Brewer pleaded not guilty to the charges July 26, 2013. He is due to appear in Lincoln County Superior Court in Wiscasset for a hearing on a motion to revoke bail at 1 p.m., Thursday, June 26. The state expects to take the case to trial in August.
With Brewer in custody and the charges going on 15 months old, the state will push to take it to trial. “We anticipate moving forward with prosecution and hopefully convicting him … I think our evidence supports the charge,” Wright said.

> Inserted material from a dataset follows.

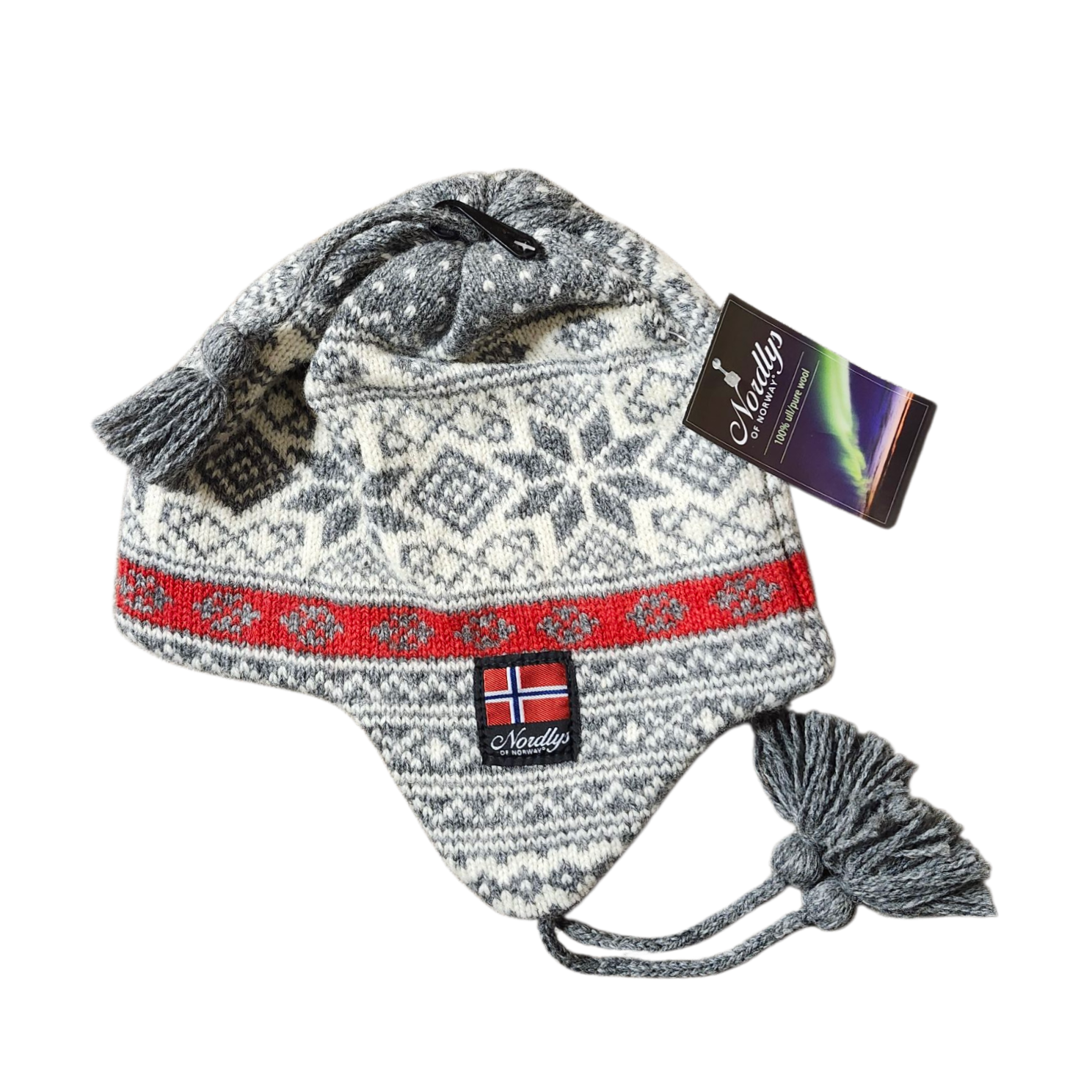 The Norwegian Selbu Star Wool Knit Earflap Hat (Lt Grey/Red) features gray and white Nordic star patterns, red accents, tassels, a Norway flag patch, and comes with an attached product tag.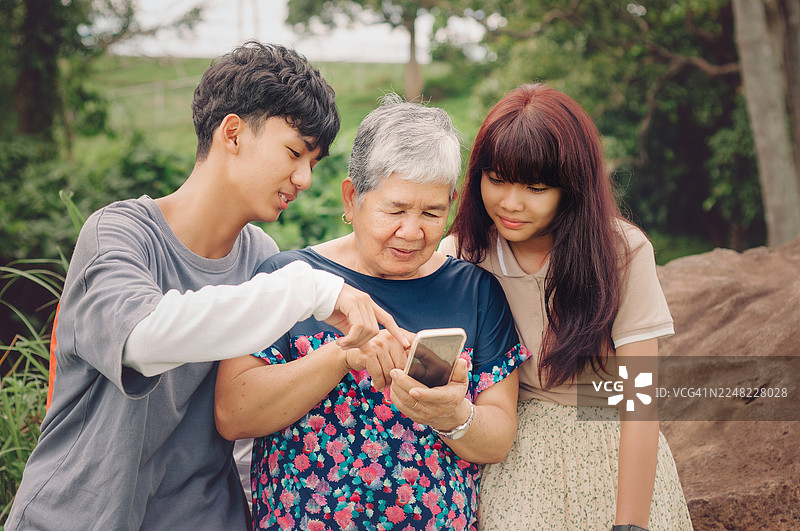 一位年长的女士和她的孙子孙女正在使用手机图片素材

If the state succeeds, Brewer could face his longest sentence yet.
“I think, with Mr. Brewer’s record, if he’s convicted, that something close to, if not the maximum sentence would be appropriate,” Wright said.
Cumberland Center attorney Thaddeus Day represents Brewer and has a different take on his client’s background and the quality of the state’s case.
“There is only circumstantial evidence tying him to the case, and that’s giving the benefit of the doubt to the state,” Day said. “Brewer asserts he is innocent. He asserts that he was not there.”
The court-appointed attorney also addressed Brewer’s background. Most of the convictions were “back when he was younger,” Day said.
“He’s an older gentleman now, just trying to make his way,” Day said. “He’s not trying to bother anyone.”
Day could have an opportunity to present his defense to a jury as soon as Aug. 11, the next criminal trial date on the Lincoln County Superior Court schedule.
Meanwhile, Brewer has racked up new misdemeanor convictions. He was out on bail when Lincoln County Sheriff’s Office Sgt. Matt Day responded to a complaint at a Bristol residence the afternoon of Monday, Jan. 20.
An intoxicated Brewer threatened Day and approached him, “cocking his right arm back,” Day said in a statement. Day restrained Brewer and, with the assistance of Deputy Richard Woodward, handcuffed him after a brief struggle.
Brewer pleaded guilty to refusing to submit to arrest or detention – physical force and violating condition of release March 6 and received a 43-day jail sentence and a $40 fine. The state dismissed criminal threatening and disorderly conduct charges.
Brewer was arrested again on Sunday, May 11. Knox County Sheriff’s Deputy John Hansen responded to a complaint of “a highly intoxicated male” driving away from Mic Mac Market in Union, Hansen said in a report.
“Contact was made with Brewer at his residence at 31 Payson Road in Union and he appeared quite visibly intoxicated,” Hansen said. His bail conditions prohibited the possession or use of alcohol and required him to submit to random searches and tests.
Brewer refused a test, Hansen said. The deputy arrested Brewer and charged him with felony violating condition of release. He is currently in custody at Two Bridges Regional Jail in Wiscasset.